Calories in Regular Soda

The amount of calories in regular soda is quite hefty, which is why it is seen as a drink that can easily add more pounds to your waistline. One can of regular soda comes out to 12 fluid ounces, and in just one such can, you will already receive 155 calories. This calorie count is quite consistent across the board of all major types of soda drinks, from Coca Cola to Pepsi to Dr. Pepper. This only means one thing for your body: weight gain. Beyond that, it also means more work for your body, as to get rid of that additional weight that comes from those extra calories, you will have to engage in exercise. You would have to walk for 23 minutes at a brisk pace just to burn off the calories from one regular soda.

Low-Calorie Sodas

In response to accusations regarding the destructive properties of soda to consumers, many soda companies have aggressively been marketing low-calorie and diet sodas for quite some time. These drinks are supposedly healthier for you than regular soda. On the surface, it may well appear this way as the nutritional information on a can of diet soda, for instance, shows that the calorie content is zero. To unobservant people, this may be enough to satisfy their concerns, but to people who are skeptical, their concerns won't likely be calmed by the presence of still-high amounts of sodium in said low-calorie drinks. For example, one can (12 fluid ounces) of Diet Coke has one calorie, but the sodium content is 28 milligrams. Now compare that with a can of regular Coca Cola Classic, which contains 33 milligrams of sodium. There really isn't much difference.

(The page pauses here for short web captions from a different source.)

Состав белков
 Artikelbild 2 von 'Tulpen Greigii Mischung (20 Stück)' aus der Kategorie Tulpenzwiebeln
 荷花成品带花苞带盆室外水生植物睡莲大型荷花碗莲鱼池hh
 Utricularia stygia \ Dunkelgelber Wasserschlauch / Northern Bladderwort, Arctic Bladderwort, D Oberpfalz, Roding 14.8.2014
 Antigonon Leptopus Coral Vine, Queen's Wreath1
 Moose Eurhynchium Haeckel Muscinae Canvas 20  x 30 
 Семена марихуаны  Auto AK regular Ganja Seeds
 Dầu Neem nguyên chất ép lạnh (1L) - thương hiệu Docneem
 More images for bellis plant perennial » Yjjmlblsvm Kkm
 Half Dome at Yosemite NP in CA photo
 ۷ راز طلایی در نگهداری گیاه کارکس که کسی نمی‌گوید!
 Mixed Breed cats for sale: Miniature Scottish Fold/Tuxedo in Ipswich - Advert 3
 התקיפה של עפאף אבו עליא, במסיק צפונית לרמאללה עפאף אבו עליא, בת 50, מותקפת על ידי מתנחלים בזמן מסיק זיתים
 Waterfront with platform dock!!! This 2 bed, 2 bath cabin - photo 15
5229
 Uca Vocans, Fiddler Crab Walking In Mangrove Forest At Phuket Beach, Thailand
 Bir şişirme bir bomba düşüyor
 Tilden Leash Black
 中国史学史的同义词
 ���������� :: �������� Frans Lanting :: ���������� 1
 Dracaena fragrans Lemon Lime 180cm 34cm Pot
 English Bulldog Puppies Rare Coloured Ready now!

The truth about calories in soda is complicated. It may only seem that sodas that have zero calories are healthier for you, and it certainly is true that having zero calories is beneficial in comparison to regular sodas that feature a high calorie content. However, the dirty trick is that the diet sodas and the low-calorie sodas are not totally healthy for you as evidenced by their still significant sodium content.